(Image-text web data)
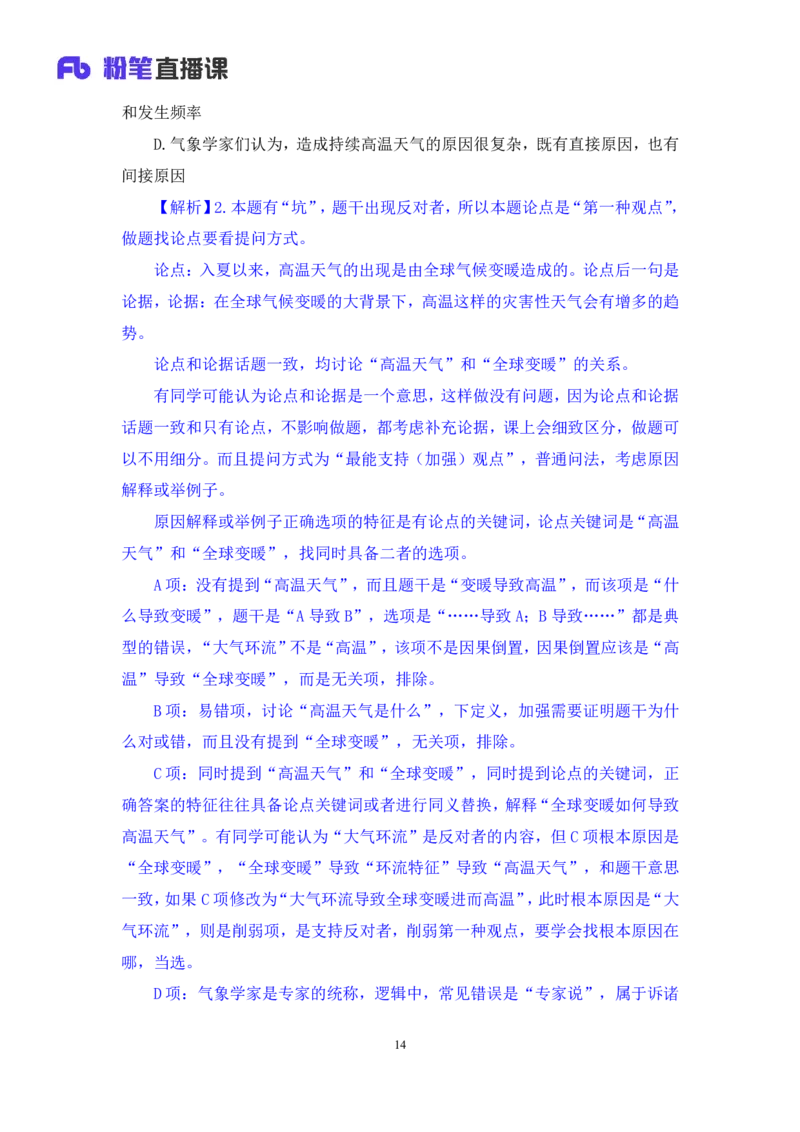 判断8_2026考公资料_（10）粉笔_2025粉笔国考省考980（课＋笔记）_粉笔980（25多省）_02025联考省考980系统班_1.全方法精讲（视频+讲义+笔记）_全笔记
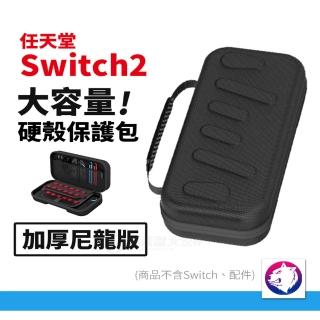 【XOGAZAN】Switch 2 大容量硬殼收納包(switch2保護殼 switch2收納包)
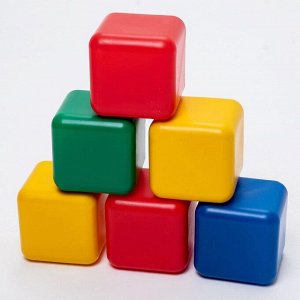 Кубики детские, пластиковые, цветные, 6 штук, 12 х 12 см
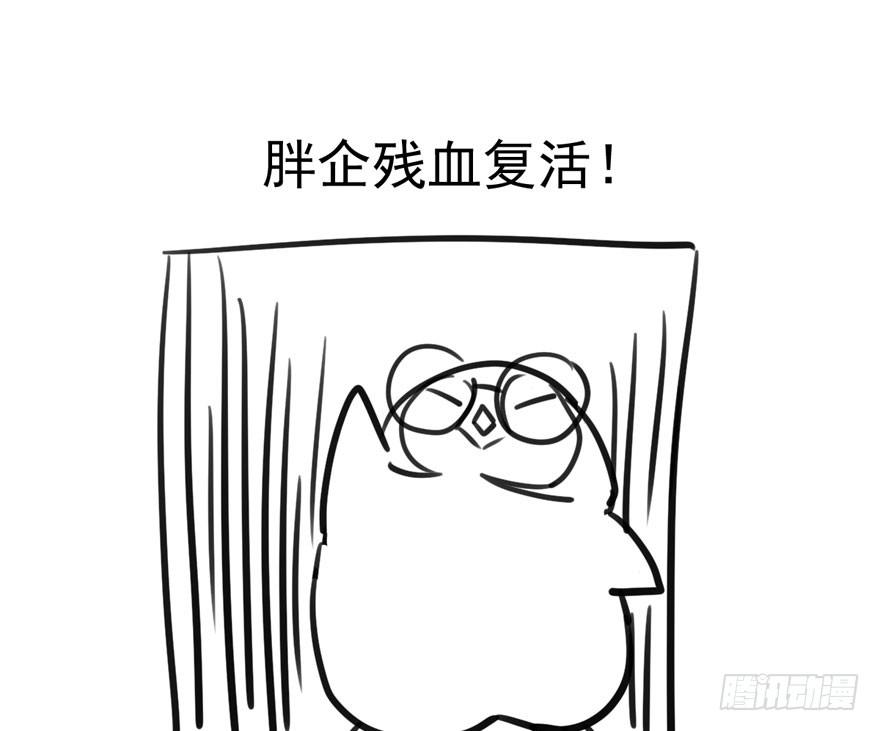 我才不是恶毒女配（麻辣女配）韩漫全集-我们参加年度作品评选啦！无删减无遮挡章节图片 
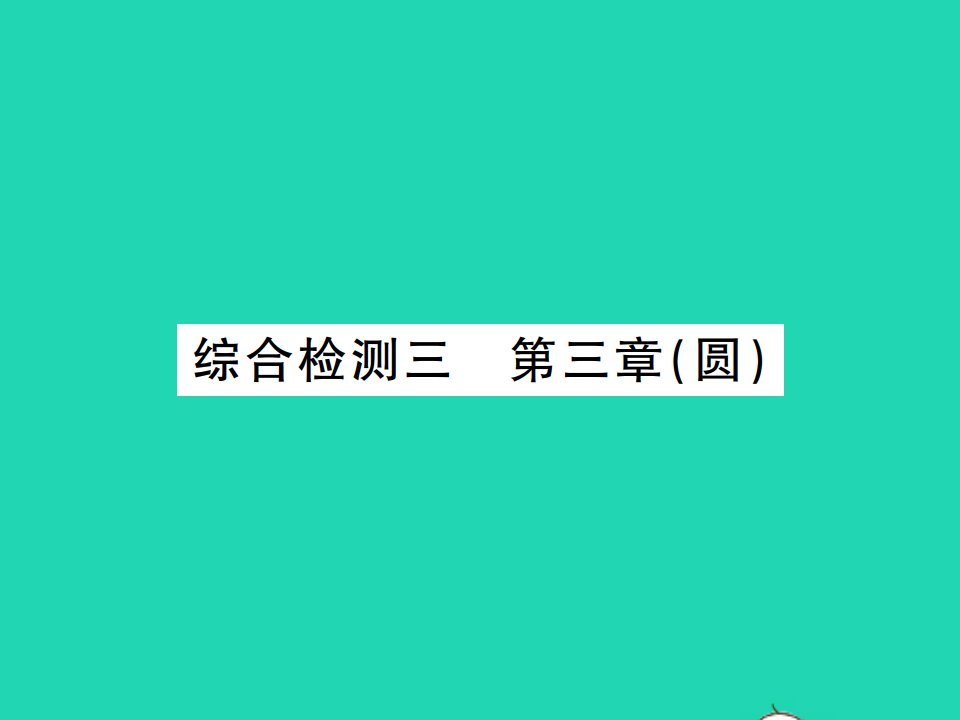 2022九年级数学下册第三章圆综合检测习题课件新版北师大版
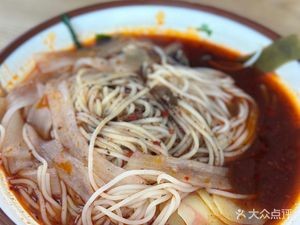 Chen's Spicy Hot Pot (Quanyan Main Branch)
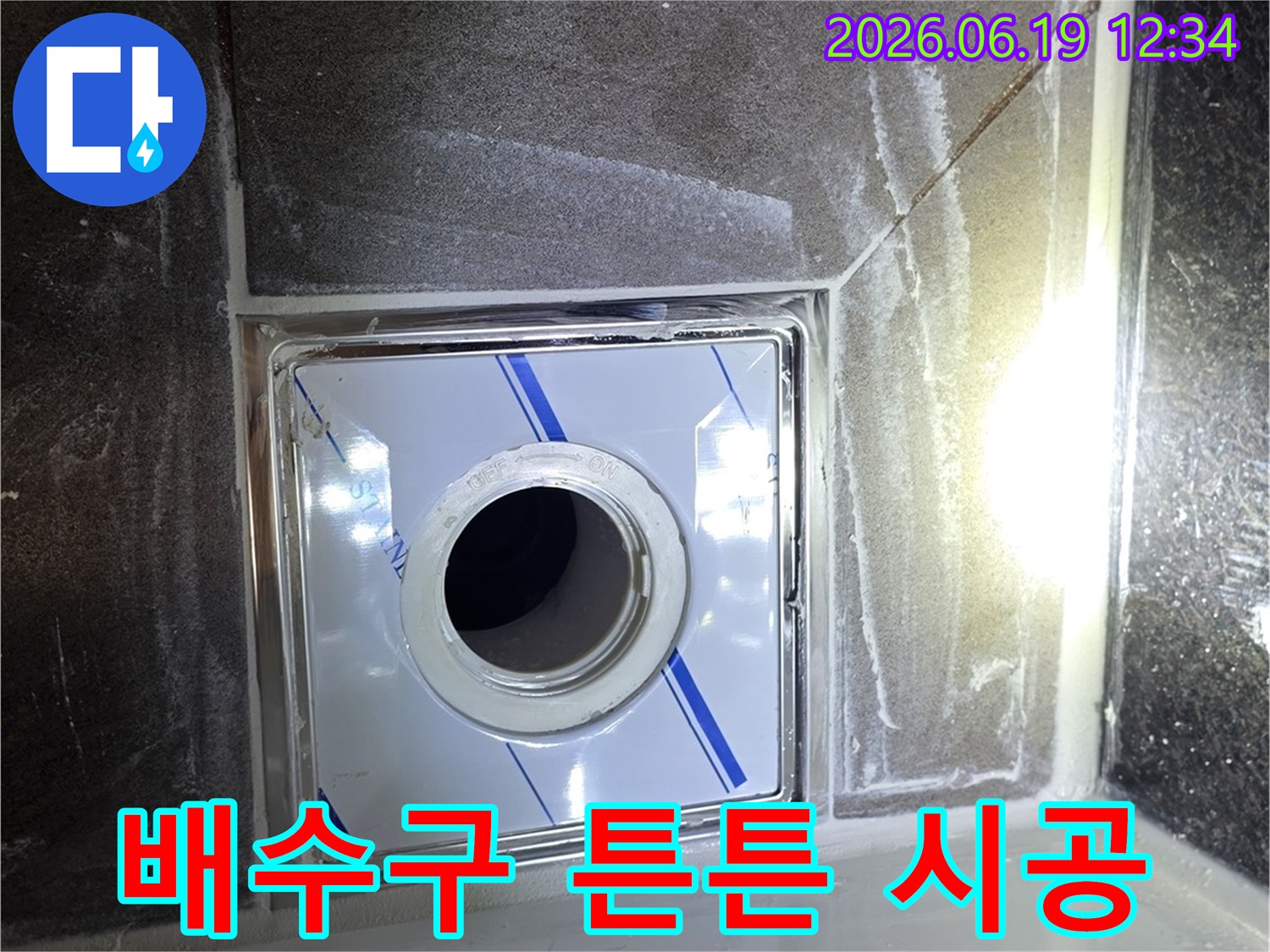 아파트 누수 문제를 해결하고-튼튼한 시공을 위해-새 배수구를 설치한 시공 현장입니다.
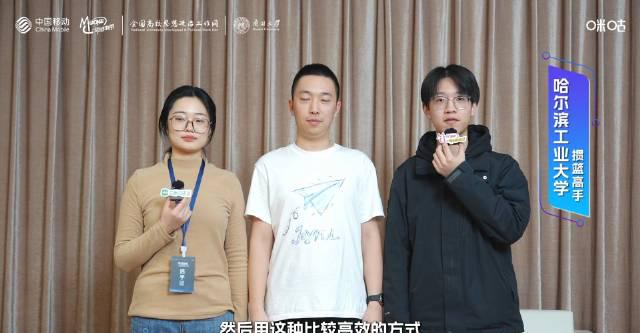 动感地带AI+高校创智计划总决赛在即，看Z世代如何用创意“智”造未来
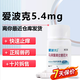 愛(ài)波克止癢藥皮膚過(guò)敏狗用止癢藥馬來(lái)酸奧拉替尼片寵物皮炎皮膚病瘙癢異位性皮炎皮癢 拆售5.4mg10片(18-27斤1片【處方單購買(mǎi)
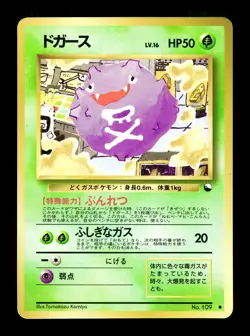 [LP] Koffing No 109 Japanese Vending Series 2 Pokemon D - Image 1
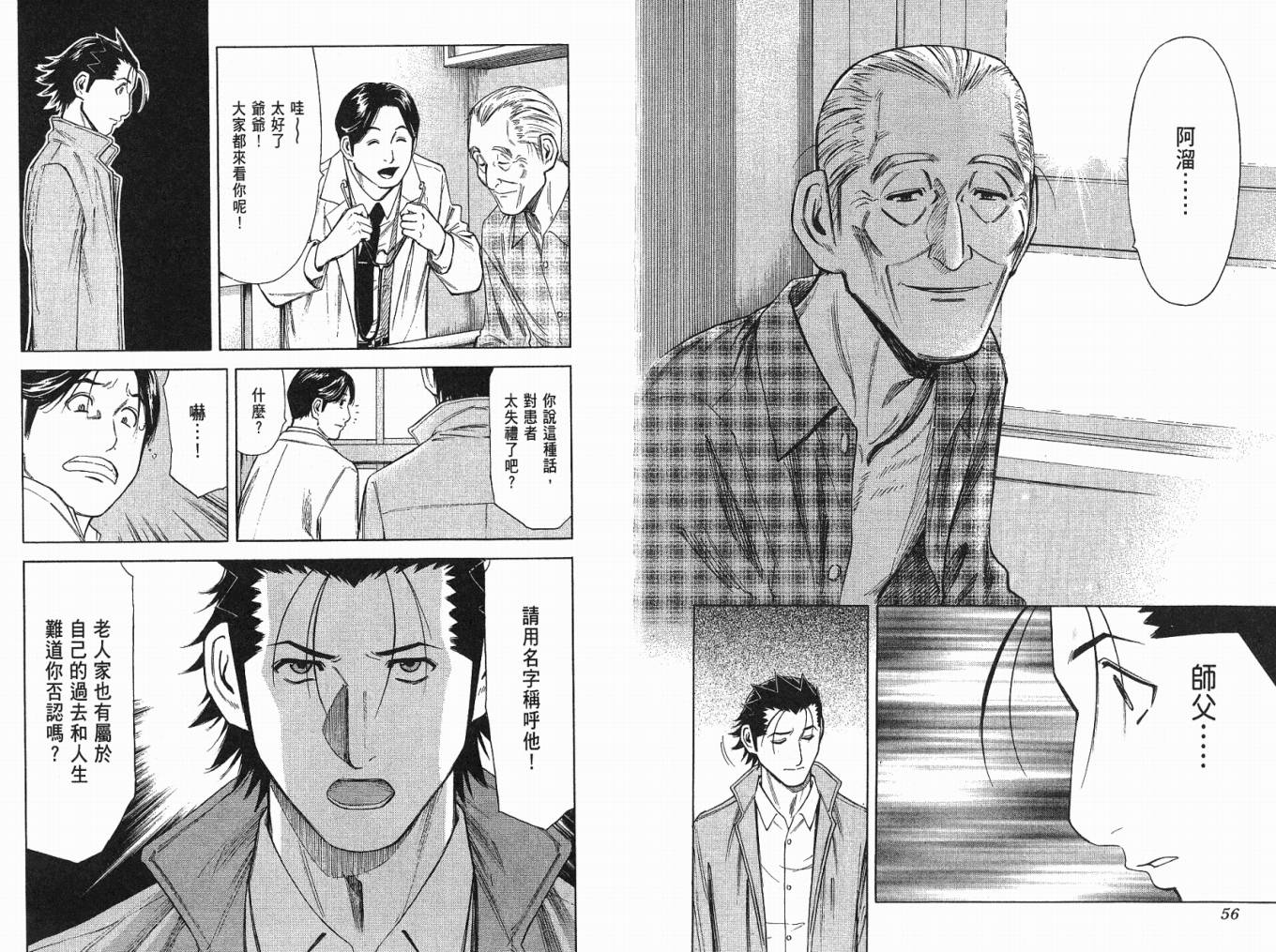 第04卷29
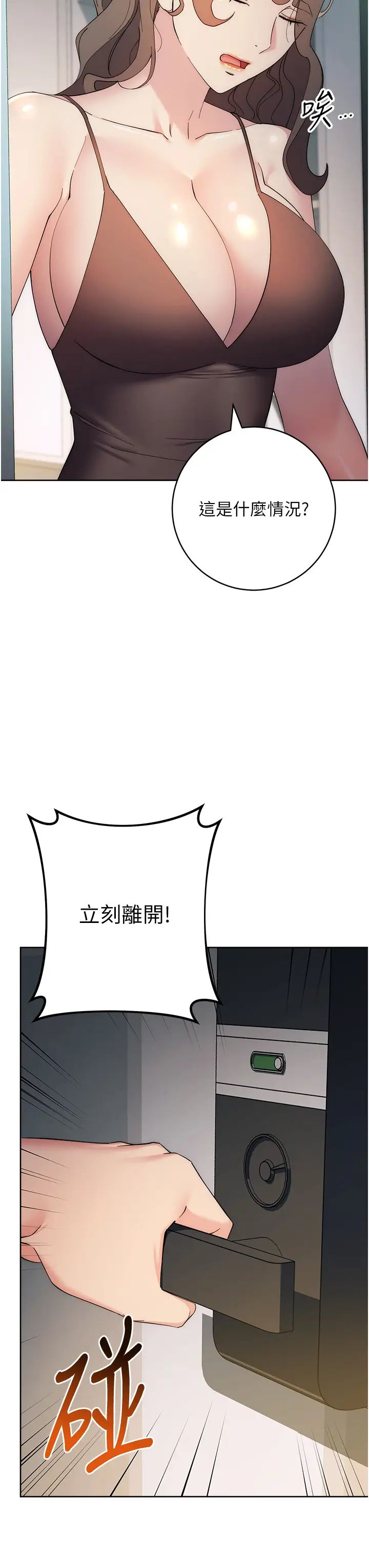 边缘人的復仇第26话-恣意侵犯的高超手技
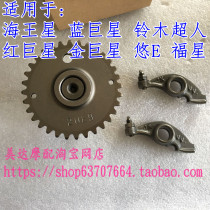 Suzuki motorcycle accessories for Neptune HJ125T Blue Giant Star Fortune Superman QS150 camshaft rocker arm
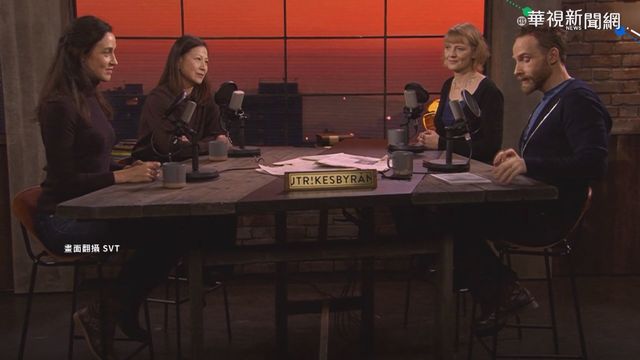 瑞典大讚我防疫 專題｢無病毒的台灣｣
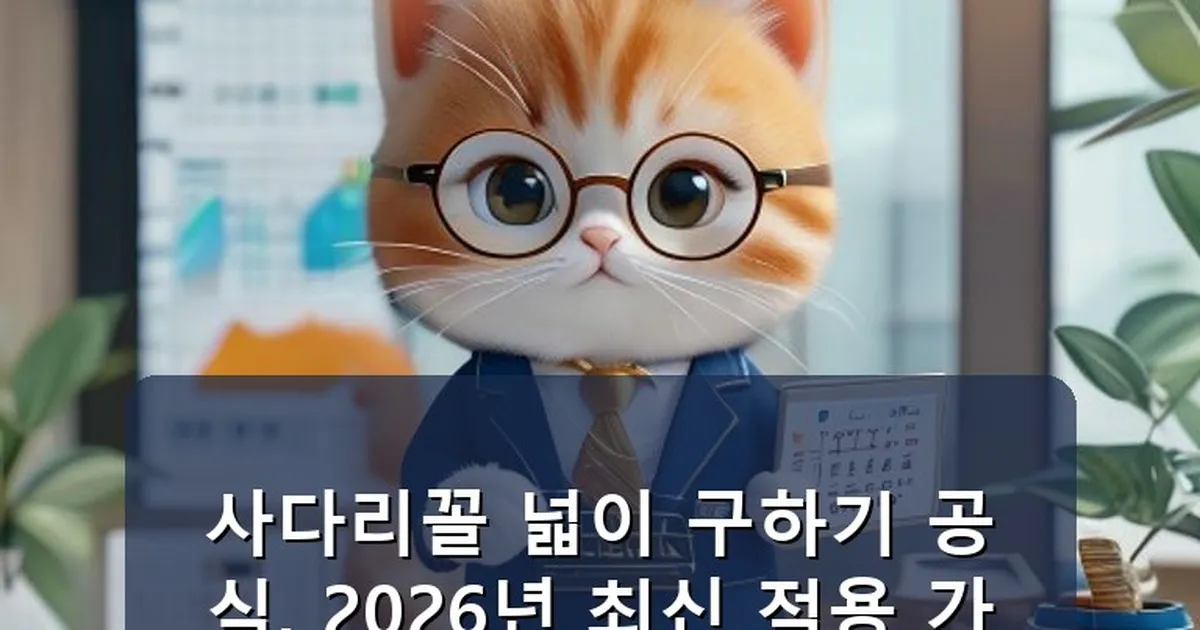 사다리꼴 넓이 구하기 공식 - chanyang2.co.kr 캐릭터
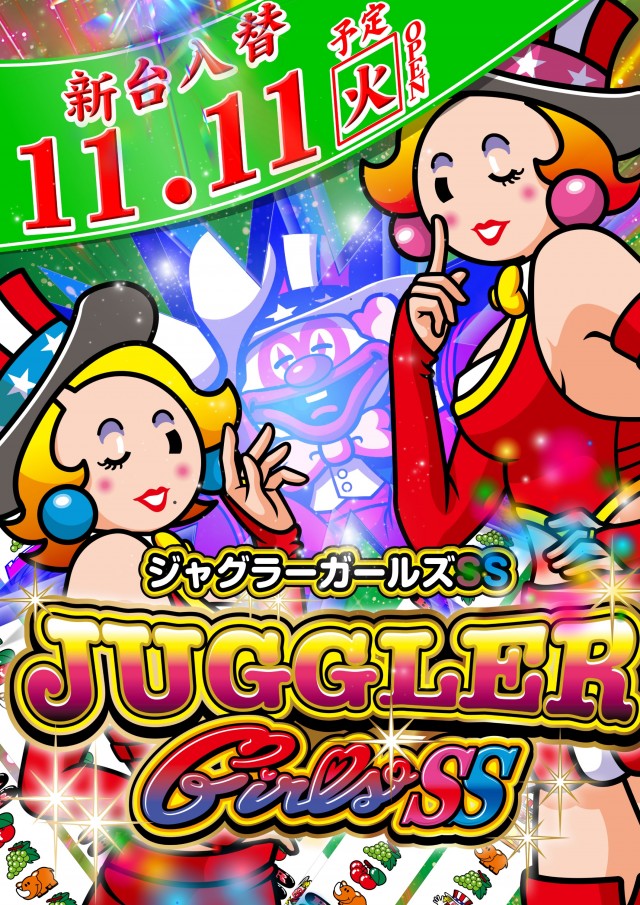 UFO出雲の最新情報画像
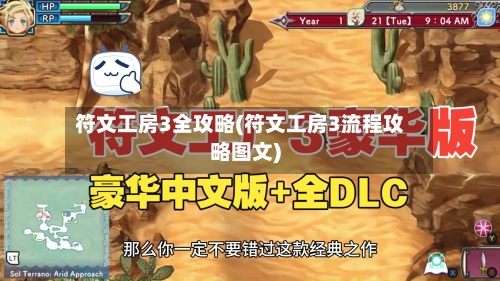 符文工房3全攻略(符文工房3流程攻略图文)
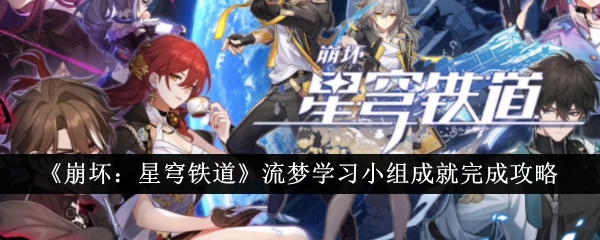 《崩坏:星穹铁道》流梦学习小组成就完成攻略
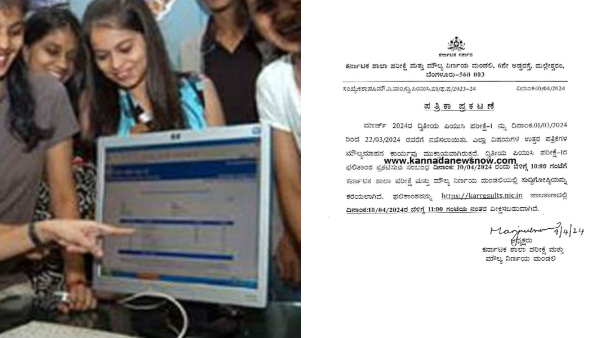 2nd PUC Result 2024 How to watch Result on April 10 know details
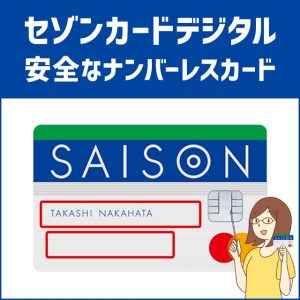 セゾンカードデジタルはカード表面に番号がないから安全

What the task asks: The stretch to restate runs from the line above containing "2 大容量硬殼收納包(switch2保護殼 switch2收納包)" through the line containing "边缘人的復仇第26话-恣意侵犯的高超手技". Copy it word for word, ends included, without pictures.

Your response:
 【XOGAZAN】Switch 2 大容量硬殼收納包(switch2保護殼 switch2收納包)
 Кубики детские, пластиковые, цветные, 6 штук, 12 х 12 см
 我才不是恶毒女配（麻辣女配）韩漫全集-我们参加年度作品评选啦！无删减无遮挡章节图片 
 2022九年级数学下册第三章圆综合检测习题课件新版北师大版
 Chen's Spicy Hot Pot (Quanyan Main Branch)
 아파트 누수 문제를 해결하고-튼튼한 시공을 위해-새 배수구를 설치한 시공 현장입니다.
 动感地带AI+高校创智计划总决赛在即，看Z世代如何用创意“智”造未来
 愛(ài)波克止癢藥皮膚過(guò)敏狗用止癢藥馬來(lái)酸奧拉替尼片寵物皮炎皮膚病瘙癢異位性皮炎皮癢 拆售5.4mg10片(18-27斤1片【處方單購買(mǎi)
 [LP] Koffing No 109 Japanese Vending Series 2 Pokemon D - Image 1
 第04卷29
 边缘人的復仇第26话-恣意侵犯的高超手技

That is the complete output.